草なぎ剛の“芸能史”が詰まった集大成に 舞台『アルトゥロ・ウイの興隆』での力強い叫び

 アルトゥロ・ウイのシャウトが再びーー草なぎ剛が主演を務める舞台『アルトゥロ・ウイの興隆』が11月14日から横浜市・KAAT神奈川芸術劇場で幕を開けた。

 同作品の初演は2020年1月。演出家・白井晃が手掛けた人気作品で待望の再演が決定。今回は横浜を皮切りに、12月18日からはロームシアター京都、2022年1月9日からは豊洲PITと、3都市で上演期間をたっぷりと設けて帰ってきた。

 本作はドイツの劇作家ベルトルト・ブレヒトが手掛けたもので、ヒトラーが独裁者として上り詰めていく姿をシカゴのギャング団に置き換えて描いた。演出は草なぎと三度目のタッグとなる白井晃。劇中にはジェームス・ブラウンのファンクミュージックを中心に取り入れ、バンドの生演奏と共に届ける。

 鮮やかな赤いスーツ姿で登場したウイ役の草なぎ。鋭い目元に仕上げたメイクがウイらしい。そして体にぴったりと沿うタイトめな衣装を難なく着こなし、ステージを縦横無尽に動き回った。重力を感じさせない小刻みかつ軽やかなステップ、スタンドマイクを手にシャウトする姿には、これまで目にしてきた草なぎの姿、それも大きなステージで歌い・踊ってきた姿が鮮やかに蘇る。

 ウイの権力が増すごとに、客席の視線も少しずつあがっていく構成に心が揺さぶられたが、場面転換のたびにシルクスクリーンに映し出されるナチスの行いを目にしてハッとさせられる。これがブレヒトの提唱する叙事的演劇かと、新たな演劇経験を得る機会になった。
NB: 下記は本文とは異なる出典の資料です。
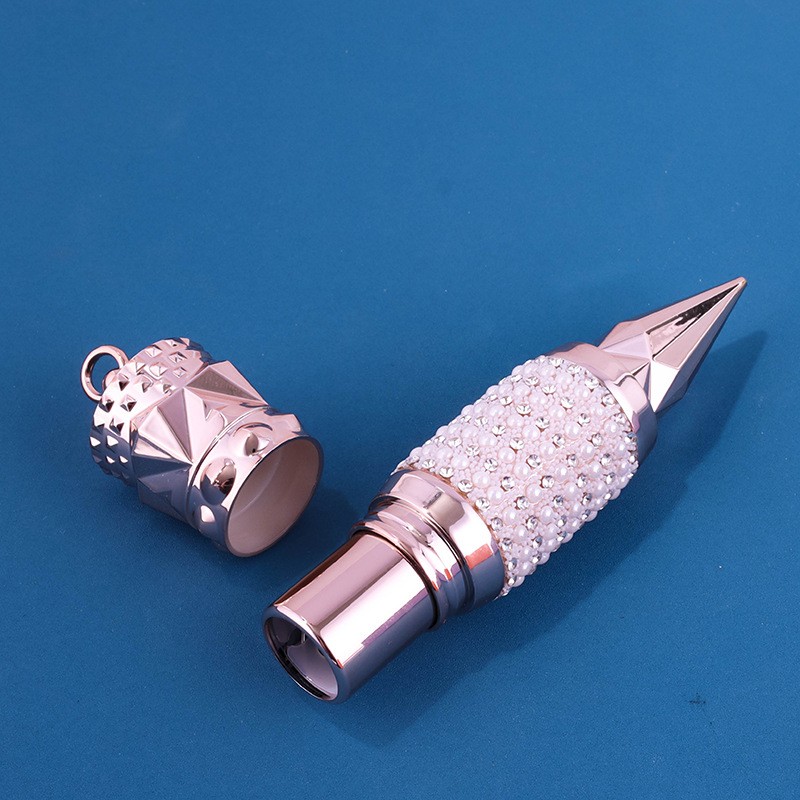 Rhinestone Rose Gold Carrot Three-Color Lipstick Tube - Image 4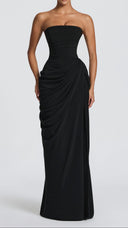 Giselle black strapless corset maxi dress, detail of asymmetric hip draping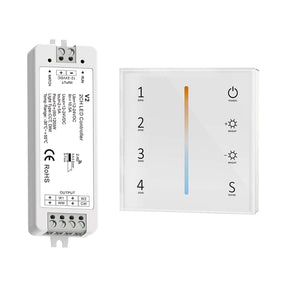G.W.S. LED White LED 12-24V DC CCT Controller V2 + 4 Zone Panel Remote Control 100-240V AC Input T12-1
 草なぎを筆頭にキャストたちは役を全うしつつも、ステージに立てたこと、再演が叶ったことへの喜びが声のハリや表情から感じられた。そしてバンドによる生演奏。力強くキレのある演奏を響かせる。どこか清々しさも感じられ、ウイらの叫びを音で表しながらステージをよりエネルギッシュに、熱狂へと導いていた。ストーリーと切り離しても、日々の生活で静かに心に積み重なっていくわだかまりを吹き飛ばすようなパワフルな演奏が清々しい気分にさせてくれる。